5. A conveyor comprising: a conveyor belt arranged to advance forward along a conveying path in a direction of belt travel and having drive-receiving surfaces generally perpendicular to the direction of belt travel disposed at regularly spaced positions in the direction of belt travel defining the conveyor belt's drive pitch; a drive belt underlying the conveyor belt along a portion of the conveying path and advancing in the direction of belt travel and having driving surfaces generally perpendicular to the direction of belt travel disposed at regularly spaced positions in the direction of belt travel defining the drive belt's drive pitch to apply a driving force to the drive-receiving surfaces and drive the conveyor belt along the conveying path; wherein the drive belt's drive pitch is less than the conveyor belt's drive pitch or less than an integral multiple of the conveyor belt's drive pitch by an amount sufficient to ensure that all driving surfaces forward of a rearmost driving surface drivingly engaged with a drive-receiving surface together provide less of the driving force than the rearmost driving surface provides.

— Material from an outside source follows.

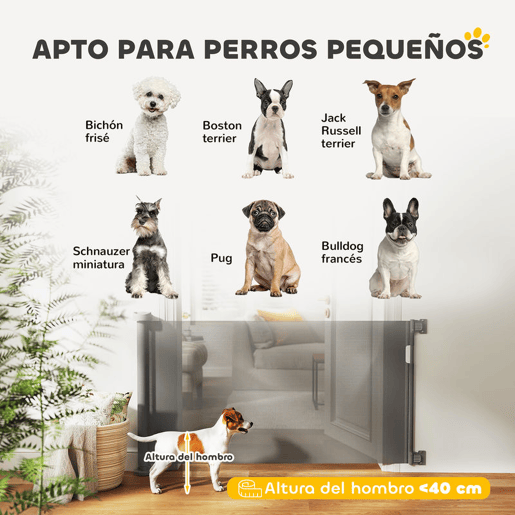 PawHut Barreira de Segurança para Cães Retrátil 0-136 cm Barreira para Cães Pequenos Extensível com Botão de Fecho Porta de Segurança para Corredores Escadas Interiores e Exteriores Cinzento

6. A conveyor comprising: a conveyor belt arranged to advance along a conveying path in a direction of belt travel and having drive-receiving surfaces generally perpendicular to the direction of belt travel disposed at regularly spaced positions in the direction of belt travel defining the conveyor belt's drive pitch P_c; a drive belt underlying the conveyor belt along a portion of the conveying path and advancing in the direction of belt travel and having driving surfaces generally perpendicular to the direction of belt travel disposed at regularly spaced positions in the direction of belt travel defining the drive belt's drive pitch Pd to engage the drive- receiving surfaces and drive the conveyor belt along the conveying path; wherein nP_c = P_d + nαP_d, where n e { 1, 2, 3, 4} and 0 < α ≤ 0.1.

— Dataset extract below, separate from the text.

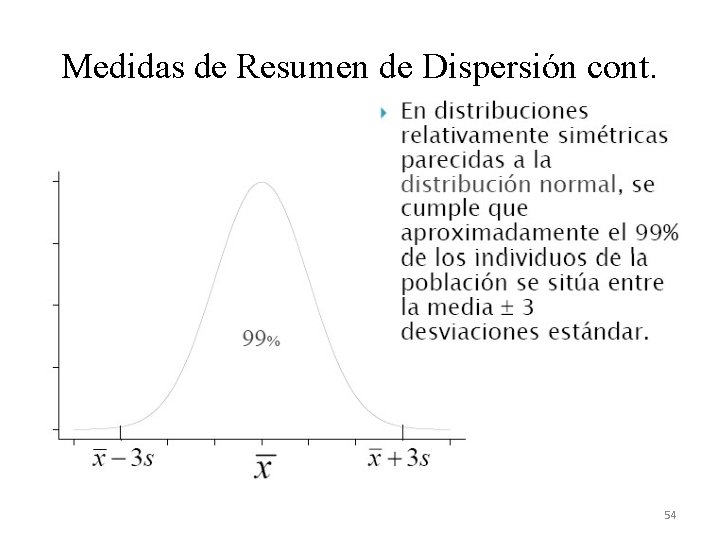Medidas de Resumen de Dispersión cont. 54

7. A conveyor comprising: a conveyor belt arranged to advance forward along a conveying path in a direction of belt travel and having a top side and an opposite bottom side and a plurality of drive - receiving surfaces having a first portion generally perpendicular to the direction of belt travel extending from the bottom side toward the top side and a second portion extending forward from the first portion toward the top side of the conveyor belt; a drive belt arranged to advance in the direction of belt travel along a portion of the conveying path adjacent the bottom side of the conveyor belt, wherein the drive belt has a plurality of outwardly extending teeth regularly spaced in the direction of belt travel; wherein the teeth have hook-shaped driving surfaces for mating with the drive-receiving surfaces of the conveyor belt to drive the conveyor belt and hold the conveyor belt in contact with the drive belt; wherein the spacing between consecutive driving surfaces is less than the spacing between consecutive drive -receiving surfaces or less than an integral multiple of the spacing between consecutive drive -receiving surfaces by an amount sufficient to ensure that all driving surfaces forward of a rearmost driving surface drivingly engaged with a drive-receiving surface are out of driving engagement with a drive- receiving surface.

8. A method of operating a conveyor, the method comprising: arranging a conveyor belt having drive-receiving surfaces spaced apart along the length of the conveyor belt on regular intervals defining the conveyor belt's drive pitch along a conveying path; advancing a drive belt underlying the conveyor belt along a portion of the conveying path and having driving surfaces defining a pressure angle of less than about 5° and spaced apart on regular intervals defining the drive belt's drive pitch for engaging the drive- receiving surfaces of the conveyor belt to drive the conveyor belt along the conveying path, wherein the drive belt's drive pitch is slightly less than the conveyor belt's drive pitch or slightly less than an integral multiple of the conveyor belt's drive pitch.